Could you set down the listing below exactly, leaving out its pictures?

▸ The data:
■ ■ ■ ■ ■
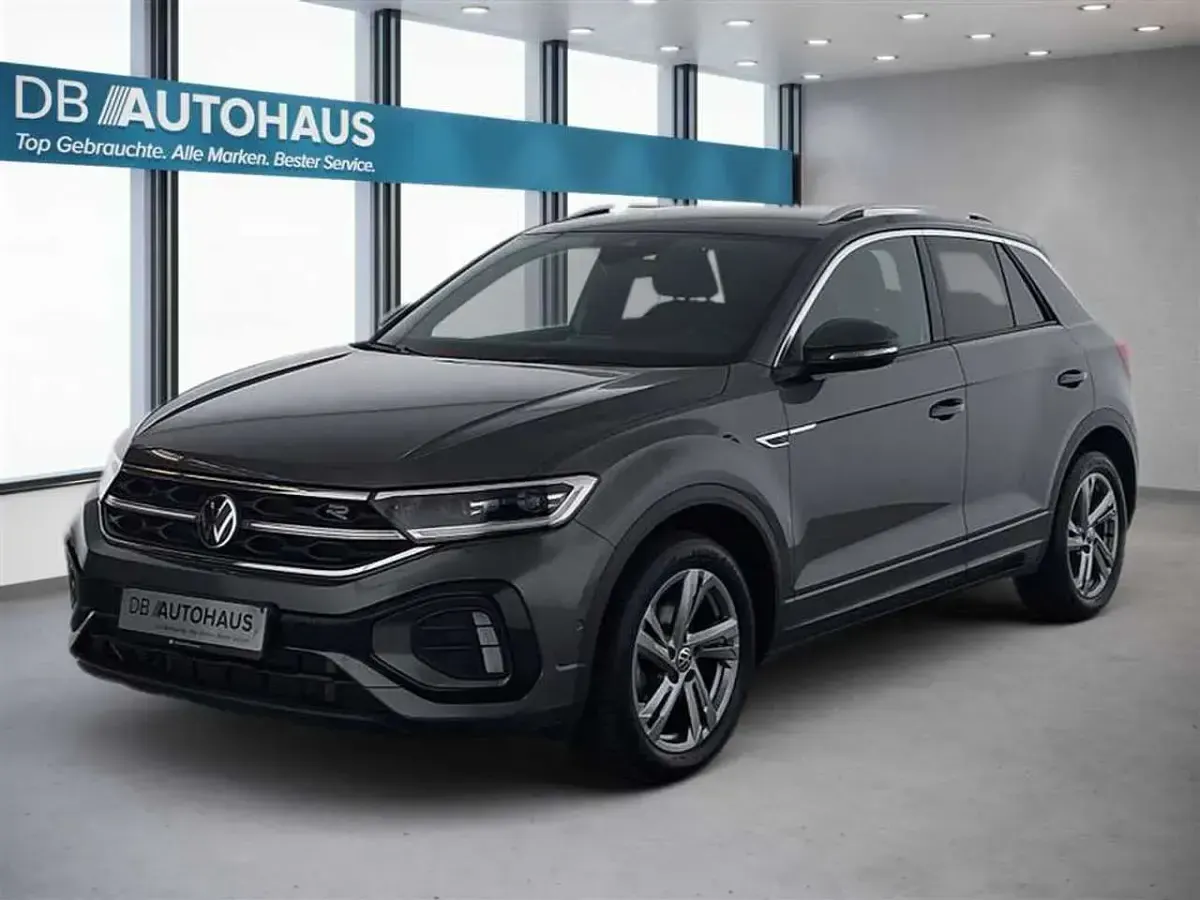 Usata VW T-Roc R-line 150 CV (110 kW) 2024 SUV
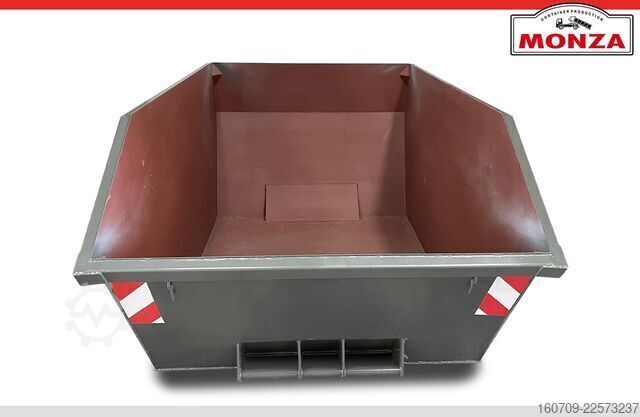 Skip container Monza 10 m³ - Absetzmulde - offen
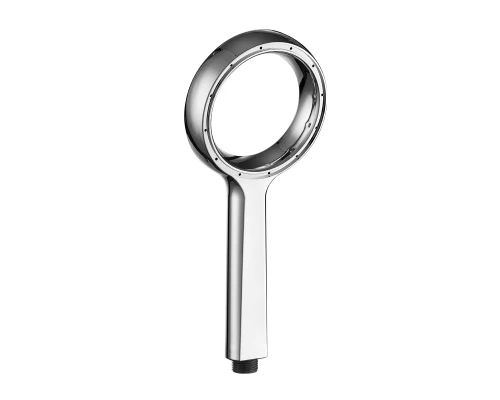 Лейка душевая 1-функц.114х255 мм, хром, блистер,LEMARK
■ ■ ■ ■ ■
▸ Reply:
 Usata VW T-Roc R-line 150 CV (110 kW) 2024 SUV
 Skip container Monza 10 m³ - Absetzmulde - offen
 Лейка душевая 1-функц.114х255 мм, хром, блистер,LEMARK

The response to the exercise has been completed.